Great to hear from you both.
Been spending so much time on this new house, I've not had time to post!
Got most of the hard work done now though. 8)


----------



## A3DFU (May 7, 2002)

Ooh. Go tell New house?


----------



## Otley (May 15, 2013)

New to us anyway, been up about 30 years.
Previous occupants not kept up to much, needed quite a bit of updating. We're getting there now but it's been hard work.
Got everything we need, big garden (needs work) plenty of rooms (all need work) extended double garage (needs work) you get the picture. 
Finished all the boy's bedrooms, the snug, under stairs storage and nearly finished main bathroom. Done a bit in garden to make it look presentable.
Tiring but all worthwhile.


----------



## John-H (Jul 13, 2005)

Nice garage :wink:


----------



## Otley (May 15, 2013)

Really impressed with the size.
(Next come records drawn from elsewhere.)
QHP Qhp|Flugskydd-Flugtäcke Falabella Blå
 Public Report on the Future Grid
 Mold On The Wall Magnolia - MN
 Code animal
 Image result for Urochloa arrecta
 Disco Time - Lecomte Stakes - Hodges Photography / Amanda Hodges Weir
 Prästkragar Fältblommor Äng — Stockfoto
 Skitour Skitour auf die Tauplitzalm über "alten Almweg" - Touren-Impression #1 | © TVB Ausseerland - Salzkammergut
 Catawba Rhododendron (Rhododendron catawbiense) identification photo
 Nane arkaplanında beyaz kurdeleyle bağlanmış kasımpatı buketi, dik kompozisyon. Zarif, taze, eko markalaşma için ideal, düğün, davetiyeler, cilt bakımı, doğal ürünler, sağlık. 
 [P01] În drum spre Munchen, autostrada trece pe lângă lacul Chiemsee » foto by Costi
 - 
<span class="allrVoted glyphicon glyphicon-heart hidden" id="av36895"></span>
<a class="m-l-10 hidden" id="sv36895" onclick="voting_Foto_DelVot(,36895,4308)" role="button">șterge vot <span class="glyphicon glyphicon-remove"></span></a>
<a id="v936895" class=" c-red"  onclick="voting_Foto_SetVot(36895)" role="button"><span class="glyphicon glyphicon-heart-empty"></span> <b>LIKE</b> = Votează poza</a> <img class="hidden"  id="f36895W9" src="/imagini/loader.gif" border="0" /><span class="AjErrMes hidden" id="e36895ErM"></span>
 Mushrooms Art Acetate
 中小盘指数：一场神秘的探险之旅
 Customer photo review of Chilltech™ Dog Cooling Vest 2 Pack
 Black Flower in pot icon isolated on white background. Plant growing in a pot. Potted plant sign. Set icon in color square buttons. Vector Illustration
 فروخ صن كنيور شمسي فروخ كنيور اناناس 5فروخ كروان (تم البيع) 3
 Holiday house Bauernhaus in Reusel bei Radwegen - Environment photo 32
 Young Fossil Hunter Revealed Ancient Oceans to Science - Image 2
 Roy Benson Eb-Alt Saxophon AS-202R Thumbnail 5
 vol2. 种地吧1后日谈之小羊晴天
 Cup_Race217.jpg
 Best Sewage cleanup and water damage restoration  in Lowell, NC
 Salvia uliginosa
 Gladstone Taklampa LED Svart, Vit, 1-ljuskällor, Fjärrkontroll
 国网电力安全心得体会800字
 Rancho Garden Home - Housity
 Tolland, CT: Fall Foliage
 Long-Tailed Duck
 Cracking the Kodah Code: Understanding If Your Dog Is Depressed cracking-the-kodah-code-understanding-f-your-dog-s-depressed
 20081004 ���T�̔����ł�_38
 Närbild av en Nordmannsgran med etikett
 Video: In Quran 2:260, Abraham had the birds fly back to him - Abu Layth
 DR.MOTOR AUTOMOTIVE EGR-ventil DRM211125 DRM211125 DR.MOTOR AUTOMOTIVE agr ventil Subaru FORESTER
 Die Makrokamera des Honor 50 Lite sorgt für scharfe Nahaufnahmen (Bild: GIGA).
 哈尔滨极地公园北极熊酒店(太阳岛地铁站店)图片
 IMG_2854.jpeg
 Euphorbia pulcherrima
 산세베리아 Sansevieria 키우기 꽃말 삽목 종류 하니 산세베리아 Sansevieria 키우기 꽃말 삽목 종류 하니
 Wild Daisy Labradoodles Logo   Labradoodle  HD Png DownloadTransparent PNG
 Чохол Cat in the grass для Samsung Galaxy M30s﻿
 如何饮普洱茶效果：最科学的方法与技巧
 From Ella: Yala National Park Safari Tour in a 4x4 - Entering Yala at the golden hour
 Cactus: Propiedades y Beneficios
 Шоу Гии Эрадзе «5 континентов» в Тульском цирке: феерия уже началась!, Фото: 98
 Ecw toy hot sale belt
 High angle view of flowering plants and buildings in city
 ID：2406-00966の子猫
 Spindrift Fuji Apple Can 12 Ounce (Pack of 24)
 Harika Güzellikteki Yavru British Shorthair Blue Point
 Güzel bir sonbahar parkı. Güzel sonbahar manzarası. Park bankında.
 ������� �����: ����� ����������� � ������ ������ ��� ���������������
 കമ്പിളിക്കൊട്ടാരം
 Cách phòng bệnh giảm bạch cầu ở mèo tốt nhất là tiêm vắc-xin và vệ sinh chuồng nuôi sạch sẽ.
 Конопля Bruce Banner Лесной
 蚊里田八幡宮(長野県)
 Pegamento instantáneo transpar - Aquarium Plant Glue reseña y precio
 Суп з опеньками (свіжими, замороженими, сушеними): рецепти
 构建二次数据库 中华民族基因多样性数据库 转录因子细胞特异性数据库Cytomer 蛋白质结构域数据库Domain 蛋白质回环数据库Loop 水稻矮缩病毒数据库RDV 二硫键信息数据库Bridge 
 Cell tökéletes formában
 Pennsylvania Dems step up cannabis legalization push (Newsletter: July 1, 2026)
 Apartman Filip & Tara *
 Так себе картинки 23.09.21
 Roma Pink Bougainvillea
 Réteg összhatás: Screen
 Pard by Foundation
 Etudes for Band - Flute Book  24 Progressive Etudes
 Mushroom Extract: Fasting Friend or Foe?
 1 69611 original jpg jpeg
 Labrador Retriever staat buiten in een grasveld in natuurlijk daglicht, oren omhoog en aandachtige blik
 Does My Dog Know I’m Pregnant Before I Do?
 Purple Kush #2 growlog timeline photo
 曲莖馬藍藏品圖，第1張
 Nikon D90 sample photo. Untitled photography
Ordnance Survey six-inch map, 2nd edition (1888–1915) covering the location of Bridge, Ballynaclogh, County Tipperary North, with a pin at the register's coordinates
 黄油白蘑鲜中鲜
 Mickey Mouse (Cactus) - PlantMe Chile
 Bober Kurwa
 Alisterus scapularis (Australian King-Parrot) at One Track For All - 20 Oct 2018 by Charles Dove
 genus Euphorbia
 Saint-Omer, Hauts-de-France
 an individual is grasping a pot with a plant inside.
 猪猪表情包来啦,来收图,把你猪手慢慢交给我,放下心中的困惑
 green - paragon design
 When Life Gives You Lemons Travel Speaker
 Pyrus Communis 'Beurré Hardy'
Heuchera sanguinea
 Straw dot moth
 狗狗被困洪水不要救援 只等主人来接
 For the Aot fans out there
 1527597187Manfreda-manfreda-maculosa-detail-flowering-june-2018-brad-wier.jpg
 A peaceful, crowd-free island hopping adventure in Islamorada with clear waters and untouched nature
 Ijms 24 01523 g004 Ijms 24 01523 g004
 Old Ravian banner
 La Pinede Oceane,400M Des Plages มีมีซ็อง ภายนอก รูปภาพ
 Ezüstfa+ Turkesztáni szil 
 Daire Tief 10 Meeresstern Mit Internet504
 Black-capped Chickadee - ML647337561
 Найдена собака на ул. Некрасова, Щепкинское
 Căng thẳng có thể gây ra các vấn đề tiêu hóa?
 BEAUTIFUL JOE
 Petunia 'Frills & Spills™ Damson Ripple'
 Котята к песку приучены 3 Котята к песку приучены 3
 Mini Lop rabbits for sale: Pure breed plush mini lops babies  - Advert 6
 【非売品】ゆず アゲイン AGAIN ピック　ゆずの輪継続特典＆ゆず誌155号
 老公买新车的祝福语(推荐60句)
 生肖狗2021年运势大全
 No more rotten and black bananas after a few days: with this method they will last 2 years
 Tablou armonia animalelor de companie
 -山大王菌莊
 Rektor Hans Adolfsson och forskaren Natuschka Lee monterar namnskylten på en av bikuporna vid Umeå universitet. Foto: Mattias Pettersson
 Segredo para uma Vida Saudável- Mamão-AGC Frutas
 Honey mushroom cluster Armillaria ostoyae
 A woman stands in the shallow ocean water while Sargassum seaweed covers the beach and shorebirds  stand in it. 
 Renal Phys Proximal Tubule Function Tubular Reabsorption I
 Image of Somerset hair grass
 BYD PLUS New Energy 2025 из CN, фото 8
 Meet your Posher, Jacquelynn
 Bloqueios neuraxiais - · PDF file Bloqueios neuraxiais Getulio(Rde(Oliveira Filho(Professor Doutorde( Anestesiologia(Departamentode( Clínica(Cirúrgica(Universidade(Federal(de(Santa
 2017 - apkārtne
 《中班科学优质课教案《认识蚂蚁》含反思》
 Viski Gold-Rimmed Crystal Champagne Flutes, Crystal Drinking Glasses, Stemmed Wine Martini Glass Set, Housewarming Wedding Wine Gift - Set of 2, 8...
It's been extended about 6ft to the rear (over the entire width)
Can get both motors in on a night but most importantly, loads of room to carry out any work or cleaning jobs undercover!  
It's not got water in at the moment but I'll pipe that in this year and I'm going to install better lighting and give it a lick of paint.


----------



## John-H (Jul 13, 2005)

Good size. I hope to be enjoying a bit more space soon. Nice white walls and a blue epoxy paint floor would be good. Automatic door would be nice too


----------



## A3DFU (May 7, 2002)

Sounds like you've done loads of work and still have loads ahead of you!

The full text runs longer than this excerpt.